The employees rebuilt the store. But several months later, a note slipped under the door gave Mr. Aziz 48 hours to close.
“Otherwise, you will blame yourself,” it said.
Mr. Aziz closed. But after an unsuccessful stint at a friend’s printing company, he returned to the business he knew best, opening a liquor store in a mostly Christian neighborhood. Last month, a gunman riddled the new storefront with bullets as Mr. Aziz cowered in a back room.
He told another story: the teenage daughter of another Christian family he knows was kidnapped recently. The captors initially demanded a ransom, but later sarcastically said the pope was the only one who could release her. She was eventually killed.
“When the pope gave his statement, it destroyed any last hope that we had here,” said Mr.
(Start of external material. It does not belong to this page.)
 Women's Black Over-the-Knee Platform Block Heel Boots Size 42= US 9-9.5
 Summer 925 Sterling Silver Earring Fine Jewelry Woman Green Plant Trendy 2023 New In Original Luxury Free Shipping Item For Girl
Aziz, who has forbidden his daughters, one in high school and the other in college, to return to school.
He recently went to the Turkish Embassy to inquire about a visa but was rebuffed. At this point, he said, he will go anywhere.
“We cannot practice our rituals and we cannot bring food home to our families,” he said. “That’s why I want to leave the country.”
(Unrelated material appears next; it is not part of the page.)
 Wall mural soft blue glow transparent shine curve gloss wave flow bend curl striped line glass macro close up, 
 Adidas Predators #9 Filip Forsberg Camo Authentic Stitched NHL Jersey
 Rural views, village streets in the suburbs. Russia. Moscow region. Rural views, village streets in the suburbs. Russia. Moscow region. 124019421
Mosul, near the historic heart of Christianity in Iraq, has also become increasingly dangerous. The recently murdered priest, the Rev. Boulos Iskander Behnam, is just the latest member of the Christian community to be kidnapped or killed there.
Conditions have been especially bleak for Christians in Basra, the southern city that is dominated by radical Shiite militias. Christian women there often wear Muslim head scarves to avoid harassment from religious zealots trying to impose a strict Islamic dress code. After the pope’s statement, an angry crowd burned an effigy of him.
In Baghdad, Juliet Yusef attends St. George’s, the country’s lone Anglican church. She, too, now wears a head scarf anytime she ventures outside her neighborhood. “I am afraid of being attacked,” she said.
Dora, a neighborhood in southern Baghdad that was once heavily populated by Christians and has been plagued by sectarian violence, has now been mostly emptied of them. Christians were singled out there by insurgents who accused them of being friendly with the occupying Americans.
“They are Christian, we are Christian,” said one holdout, who asked to be identified only by her first name, Suzan. “They think most likely we know each other well.”
Two priests were kidnapped over the summer in Dora, although both were released, one after nearly a month.
Oddly, before the pope’s comments, as sectarian violence has escalated in Baghdad in the past year, some said the situation might have actually improved for Christians as Muslim militants turned their attention on one another.
Canon Andrew White, the Anglican vicar of Baghdad, who lives in Britain but visits Iraq frequently, said his driver was kidnapped recently but was promptly released after his Sunni Arab captors discovered he was a Christian. He said his captors apologized by saying, “We thought he was Shiite.”
“It must be the only occasion when being a Christian actually helped in this country,” he said.